[PROVIDED DATA]
—————

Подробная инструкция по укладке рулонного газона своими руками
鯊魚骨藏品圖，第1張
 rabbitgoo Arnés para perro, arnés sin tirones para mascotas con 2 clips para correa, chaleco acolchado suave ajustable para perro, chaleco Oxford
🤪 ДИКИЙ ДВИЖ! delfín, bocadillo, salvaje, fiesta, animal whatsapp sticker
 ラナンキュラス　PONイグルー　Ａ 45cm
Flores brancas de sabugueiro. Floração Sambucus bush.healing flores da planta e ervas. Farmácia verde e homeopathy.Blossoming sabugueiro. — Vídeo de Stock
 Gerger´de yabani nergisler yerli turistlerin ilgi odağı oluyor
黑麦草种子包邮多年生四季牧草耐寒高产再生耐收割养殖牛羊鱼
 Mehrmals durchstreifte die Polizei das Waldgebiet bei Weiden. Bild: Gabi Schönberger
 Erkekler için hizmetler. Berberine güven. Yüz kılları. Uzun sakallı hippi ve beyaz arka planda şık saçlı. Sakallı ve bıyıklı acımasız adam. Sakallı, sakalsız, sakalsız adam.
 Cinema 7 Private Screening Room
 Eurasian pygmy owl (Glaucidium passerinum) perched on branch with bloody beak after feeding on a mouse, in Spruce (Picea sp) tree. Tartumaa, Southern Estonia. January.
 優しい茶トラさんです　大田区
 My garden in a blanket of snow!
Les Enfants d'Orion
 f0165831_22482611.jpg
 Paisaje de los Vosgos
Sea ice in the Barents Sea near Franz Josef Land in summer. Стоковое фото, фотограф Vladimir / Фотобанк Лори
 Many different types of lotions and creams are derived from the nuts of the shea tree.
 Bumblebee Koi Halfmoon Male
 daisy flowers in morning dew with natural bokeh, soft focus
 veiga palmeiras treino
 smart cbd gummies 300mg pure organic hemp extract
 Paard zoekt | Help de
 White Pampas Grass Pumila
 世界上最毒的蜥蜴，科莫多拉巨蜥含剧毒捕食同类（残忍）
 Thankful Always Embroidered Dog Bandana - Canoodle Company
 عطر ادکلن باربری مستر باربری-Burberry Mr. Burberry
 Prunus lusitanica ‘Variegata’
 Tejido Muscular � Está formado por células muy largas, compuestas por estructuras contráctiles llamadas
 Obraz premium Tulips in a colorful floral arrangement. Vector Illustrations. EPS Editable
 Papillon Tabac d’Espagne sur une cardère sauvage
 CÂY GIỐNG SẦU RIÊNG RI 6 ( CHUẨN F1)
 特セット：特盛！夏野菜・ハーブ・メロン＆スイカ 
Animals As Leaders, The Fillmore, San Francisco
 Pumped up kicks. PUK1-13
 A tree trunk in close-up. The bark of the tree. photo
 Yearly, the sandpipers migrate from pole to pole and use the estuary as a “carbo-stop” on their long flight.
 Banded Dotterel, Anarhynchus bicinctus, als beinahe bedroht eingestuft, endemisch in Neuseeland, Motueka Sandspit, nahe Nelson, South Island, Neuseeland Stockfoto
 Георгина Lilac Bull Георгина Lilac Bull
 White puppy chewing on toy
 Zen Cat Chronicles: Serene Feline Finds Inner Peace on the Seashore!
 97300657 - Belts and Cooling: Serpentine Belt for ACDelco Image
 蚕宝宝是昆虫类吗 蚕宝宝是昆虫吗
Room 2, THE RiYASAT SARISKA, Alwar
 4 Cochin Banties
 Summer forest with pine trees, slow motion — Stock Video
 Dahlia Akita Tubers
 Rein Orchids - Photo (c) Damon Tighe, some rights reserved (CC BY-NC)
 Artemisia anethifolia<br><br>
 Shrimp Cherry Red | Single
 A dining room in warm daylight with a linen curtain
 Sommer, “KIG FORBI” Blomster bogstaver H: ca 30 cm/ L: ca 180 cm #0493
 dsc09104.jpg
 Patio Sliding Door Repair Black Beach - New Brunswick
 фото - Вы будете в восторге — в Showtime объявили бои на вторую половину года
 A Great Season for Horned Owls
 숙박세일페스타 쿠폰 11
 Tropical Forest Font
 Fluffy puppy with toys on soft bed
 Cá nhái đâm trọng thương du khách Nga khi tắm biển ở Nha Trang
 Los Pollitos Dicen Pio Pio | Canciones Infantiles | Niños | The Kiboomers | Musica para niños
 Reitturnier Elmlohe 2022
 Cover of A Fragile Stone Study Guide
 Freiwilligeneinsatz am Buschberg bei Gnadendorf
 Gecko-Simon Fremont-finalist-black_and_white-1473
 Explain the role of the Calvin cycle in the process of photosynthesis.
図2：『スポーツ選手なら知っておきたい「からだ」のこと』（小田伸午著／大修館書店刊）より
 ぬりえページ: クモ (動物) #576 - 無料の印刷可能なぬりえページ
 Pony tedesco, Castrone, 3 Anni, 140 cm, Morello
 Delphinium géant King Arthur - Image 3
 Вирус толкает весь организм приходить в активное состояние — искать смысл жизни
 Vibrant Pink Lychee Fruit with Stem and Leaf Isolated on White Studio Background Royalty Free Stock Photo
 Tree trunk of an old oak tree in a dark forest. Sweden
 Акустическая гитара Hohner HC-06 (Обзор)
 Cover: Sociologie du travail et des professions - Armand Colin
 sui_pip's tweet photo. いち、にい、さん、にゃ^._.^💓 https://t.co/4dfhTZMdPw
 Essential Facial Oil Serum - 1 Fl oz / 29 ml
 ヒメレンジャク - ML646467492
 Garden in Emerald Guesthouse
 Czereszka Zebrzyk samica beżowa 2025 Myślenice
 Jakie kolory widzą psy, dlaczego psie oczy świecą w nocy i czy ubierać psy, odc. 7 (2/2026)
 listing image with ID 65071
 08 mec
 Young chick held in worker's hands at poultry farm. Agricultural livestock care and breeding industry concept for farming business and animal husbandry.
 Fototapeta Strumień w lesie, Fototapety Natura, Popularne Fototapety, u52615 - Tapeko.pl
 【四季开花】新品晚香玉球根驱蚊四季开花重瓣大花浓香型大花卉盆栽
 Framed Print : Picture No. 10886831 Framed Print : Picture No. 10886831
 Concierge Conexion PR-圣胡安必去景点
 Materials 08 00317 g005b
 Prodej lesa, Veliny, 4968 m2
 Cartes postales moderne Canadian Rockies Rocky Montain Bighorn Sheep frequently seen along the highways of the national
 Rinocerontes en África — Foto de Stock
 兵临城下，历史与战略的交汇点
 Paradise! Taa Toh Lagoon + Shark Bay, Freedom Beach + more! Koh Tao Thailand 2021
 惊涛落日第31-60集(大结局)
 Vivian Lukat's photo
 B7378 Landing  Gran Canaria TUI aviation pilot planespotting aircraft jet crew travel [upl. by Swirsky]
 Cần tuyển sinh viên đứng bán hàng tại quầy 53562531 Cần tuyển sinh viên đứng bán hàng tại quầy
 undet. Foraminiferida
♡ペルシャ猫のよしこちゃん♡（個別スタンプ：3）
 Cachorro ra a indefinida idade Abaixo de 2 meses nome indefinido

—————

[WHAT THE TASK REQUIRES]
The required output is the stretch of entries above from the line containing "Flores brancas de" through the line containing "黑麦草种子包邮多年生四季牧草耐寒高产再生耐收割养殖牛羊鱼", reproduced exactly.

[ANSWER SECTION]
Flores brancas de sabugueiro. Floração Sambucus bush.healing flores da planta e ervas. Farmácia verde e homeopathy.Blossoming sabugueiro. — Vídeo de Stock
 Gerger´de yabani nergisler yerli turistlerin ilgi odağı oluyor
黑麦草种子包邮多年生四季牧草耐寒高产再生耐收割养殖牛羊鱼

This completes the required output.